Segment Open

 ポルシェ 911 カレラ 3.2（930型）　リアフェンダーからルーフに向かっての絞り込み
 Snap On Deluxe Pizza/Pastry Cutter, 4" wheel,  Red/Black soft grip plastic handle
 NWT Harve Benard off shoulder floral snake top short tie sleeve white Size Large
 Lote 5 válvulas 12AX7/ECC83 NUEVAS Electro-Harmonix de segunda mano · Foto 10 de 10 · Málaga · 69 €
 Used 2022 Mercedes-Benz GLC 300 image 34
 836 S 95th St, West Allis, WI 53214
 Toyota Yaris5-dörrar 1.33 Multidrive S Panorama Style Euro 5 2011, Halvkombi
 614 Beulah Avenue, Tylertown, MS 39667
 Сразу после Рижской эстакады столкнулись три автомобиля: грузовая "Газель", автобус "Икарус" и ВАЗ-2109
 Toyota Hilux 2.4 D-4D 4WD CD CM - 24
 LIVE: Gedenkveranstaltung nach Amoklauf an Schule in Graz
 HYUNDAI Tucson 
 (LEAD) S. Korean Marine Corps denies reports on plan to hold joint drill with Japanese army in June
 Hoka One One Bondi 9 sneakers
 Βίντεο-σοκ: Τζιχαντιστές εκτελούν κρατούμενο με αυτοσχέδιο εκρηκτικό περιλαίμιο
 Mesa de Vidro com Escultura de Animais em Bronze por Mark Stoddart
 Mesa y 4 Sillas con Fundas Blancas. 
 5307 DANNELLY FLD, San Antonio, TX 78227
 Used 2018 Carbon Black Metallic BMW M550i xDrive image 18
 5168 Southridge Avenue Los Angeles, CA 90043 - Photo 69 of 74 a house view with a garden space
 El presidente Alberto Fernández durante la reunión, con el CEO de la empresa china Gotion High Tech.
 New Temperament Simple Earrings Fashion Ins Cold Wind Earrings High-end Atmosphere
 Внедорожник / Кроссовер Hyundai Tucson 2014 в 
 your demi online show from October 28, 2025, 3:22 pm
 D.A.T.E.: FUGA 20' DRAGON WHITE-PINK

Segment Closed

• Prompt: Output the line holding "your demi online", then every later line through the end of the records above, exactly as given and nothing else.

• Finished task:
 your demi online show from October 28, 2025, 3:22 pm
 D.A.T.E.: FUGA 20' DRAGON WHITE-PINK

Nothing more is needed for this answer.